井原西鶴の「武家義理物語」の話である。川に小銭を落とした青砥藤綱は、そのまま捨て置けば世の損失だとして、多くの人足に大金を与えて探し出させる。人足の一人は自分の小銭を偽って差し出したが、別の人足は不正を暴く。藤綱は、不正を働いた人足を裸にして、97日間かけて、小銭を探し出させる。不正を暴いた人足は、実は、事情により身をやつした武士であったことが知れて、再び武士に取り上げられる。
町人であった西鶴は、江戸時代の武士を頂点にした身分制秩序に強く拘束されていたのであって、同じ町人身分ものに課された無益な97日間の苦役に批判的であるよりも、逆に、武士の支配を肯定したうえで、その価値観の強制としての懲罰的苦役の賦課に賛同する姿勢を示している。そこに江戸時代の町人文化の限界があったわけである。
武士階級の身分制支配を実質的に支えたのは、いうまでもなく、武力である。武力を背景にした安寧秩序の維持という武士固有の社会的使命が支配を正当化する論理だったのである。これは、絶えざる争乱を収束させて成立した江戸幕府の初期においては、国民の利益、安全という経済的利益だったといえる。
しかし、西鶴の時代ともなれば、世は平和となり、武士支配を国民経済の利益から正当化することは困難だったのである。むしろ、勃興する商業資本の成長のために、武士支配の秩序は桎梏と化していたわけだ。この矛盾を背景にしてこそ、藤綱を欺いた悧巧な人足の意味がみえてくる。そこには、支配を実質的に内部から突き崩していく利発な創造があったのである。

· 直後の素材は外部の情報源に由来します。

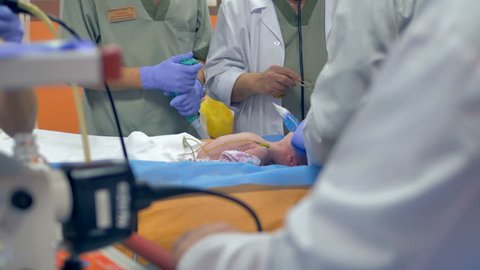 Close up of doctors performing medical procedure on a baby. 4K.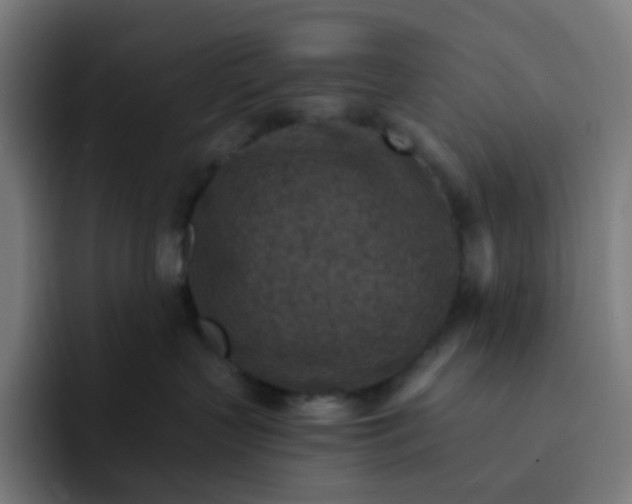 X0000093170383200710101217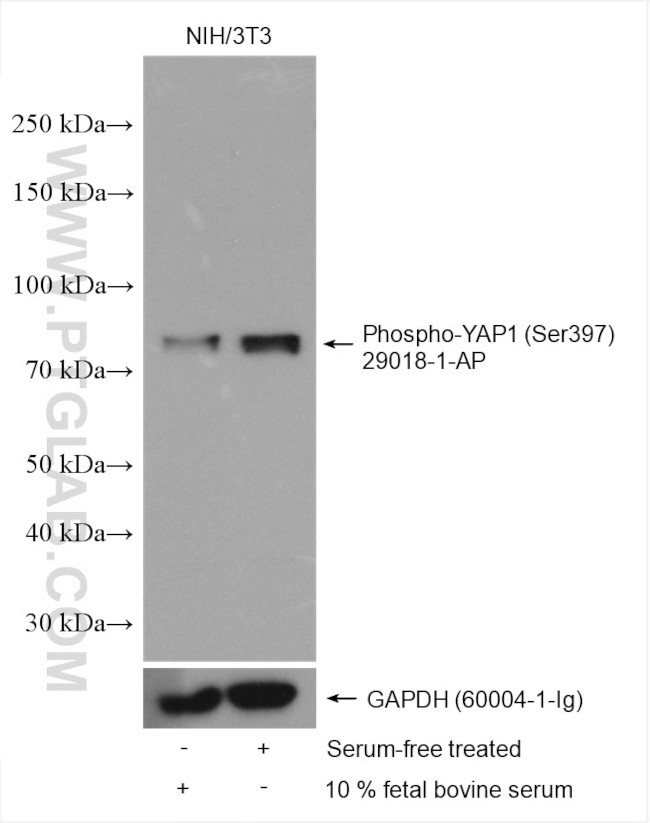 Phospho-YAP1 (Ser397) Antibody in Western Blot (WB)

旧秩序の支配者である武士からみたとき不正であったものは、新秩序の担い手からみたときは、利発、即ち創造であり、革新だったのである。藤綱を欺いた人足の不正は、武士の立場からみた不正であって、人足の立場からは利発である。この価値観の差こそ、決定的に重要な論点である。
不正には、創造と革新につながる利発的な正しい不正と、単に不正にすぎない不正とがある。働き方改革の本質は、組織の所属員のなかに、正しい不正が奨励される環境を整備し、不正な不正を見分ける感性を醸成することなのである。